# how can i do this?or why not?



## raedean (Apr 25, 2011)

i found this napkin holder for 53 cents at the goodwill.
i thought it would make a lazy kate.
i thought i could have my hubby install a metal eyelet on the outer edge in the middle
of both pegs.
then i could put my singles on and thread thru the eyelet and ply onto my drop spindle.
i looked up one online and it cost 62$...but this napkin holder doesnt look too far from 
the costly one...
i just think its a novel approach to get me a lazy kate with no cost really.
that is what i do love about spinning.
u can make your own accessories.drop spindles,lazy kates,niddy noddys.


----------



## raedean (Apr 25, 2011)

i guess i am good to go then...yay.


----------



## Cdambro (Dec 30, 2013)

You are more than good to go.....what a wonderful idea.

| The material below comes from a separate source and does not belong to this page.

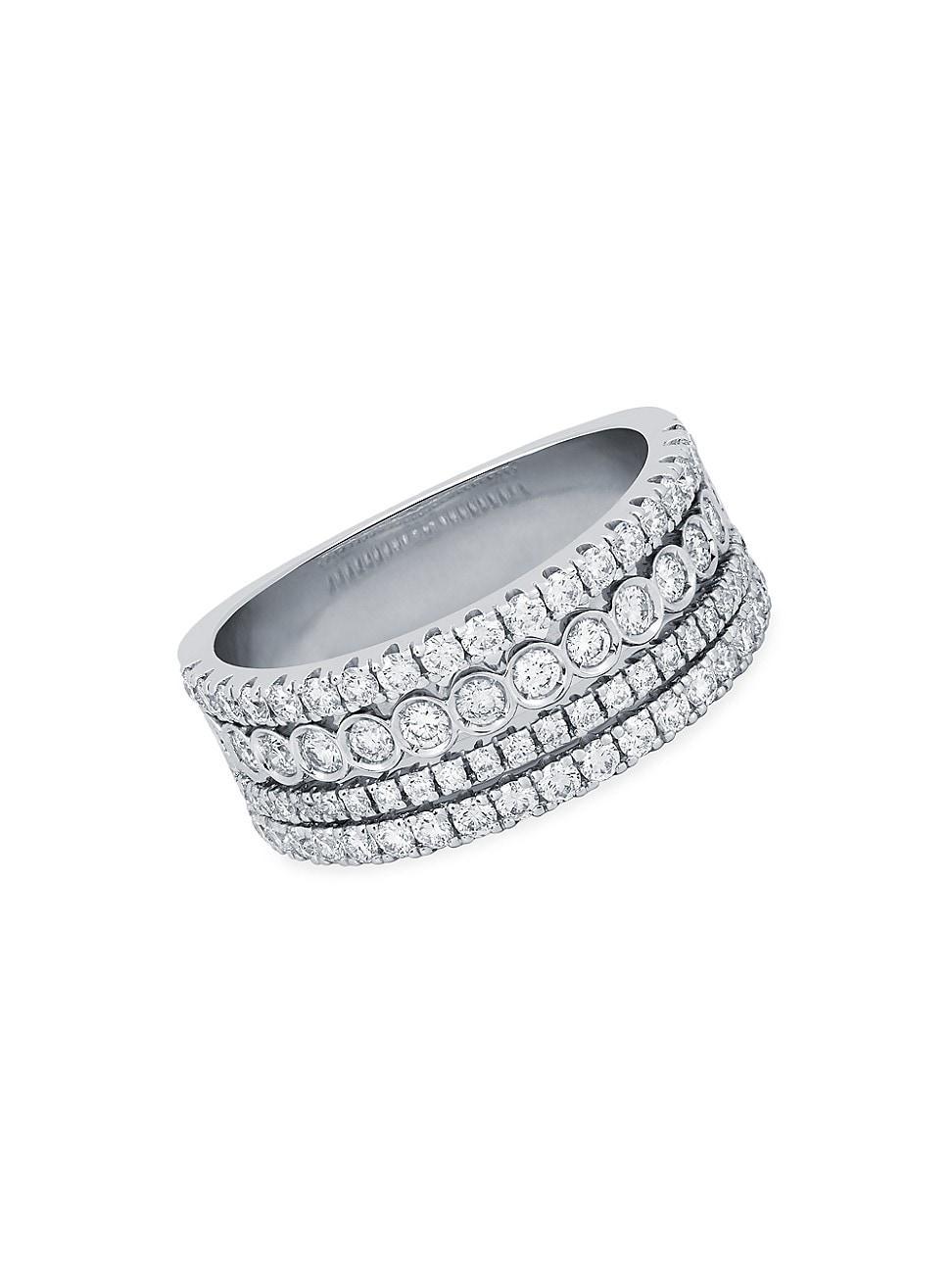 Womens Splash 18K White Gold & Diamond 4-Row Ring Product Image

So creative. I am sure you have learned to be creative with your great lifestyle so look how it pays off in all areas of life.


----------



## Reba1 (Feb 5, 2012)

Brilliant idea! Are the pegs far enough apart for your filled bobbins to fit on? If so, GO FOR IT!


----------



## crivitz (Apr 12, 2015)

You have got to be the recipient of the Creativity Award of the Month for spotting an item priced at next to nothing, realizing it was almost the exact same thing you had seen in an ad for something you could use and then putting it all together. Too many folks just can't do that. Congratulations on your great find and your great savings.


----------



## Cdambro (Dec 30, 2013)

And.....happy anniversary to you and the Mister.....48 yrs is wonderful!


----------



## raedean (Apr 25, 2011)

Cdambro said:


> And.....happy anniversary to you and the Mister.....48 yrs is wonderful!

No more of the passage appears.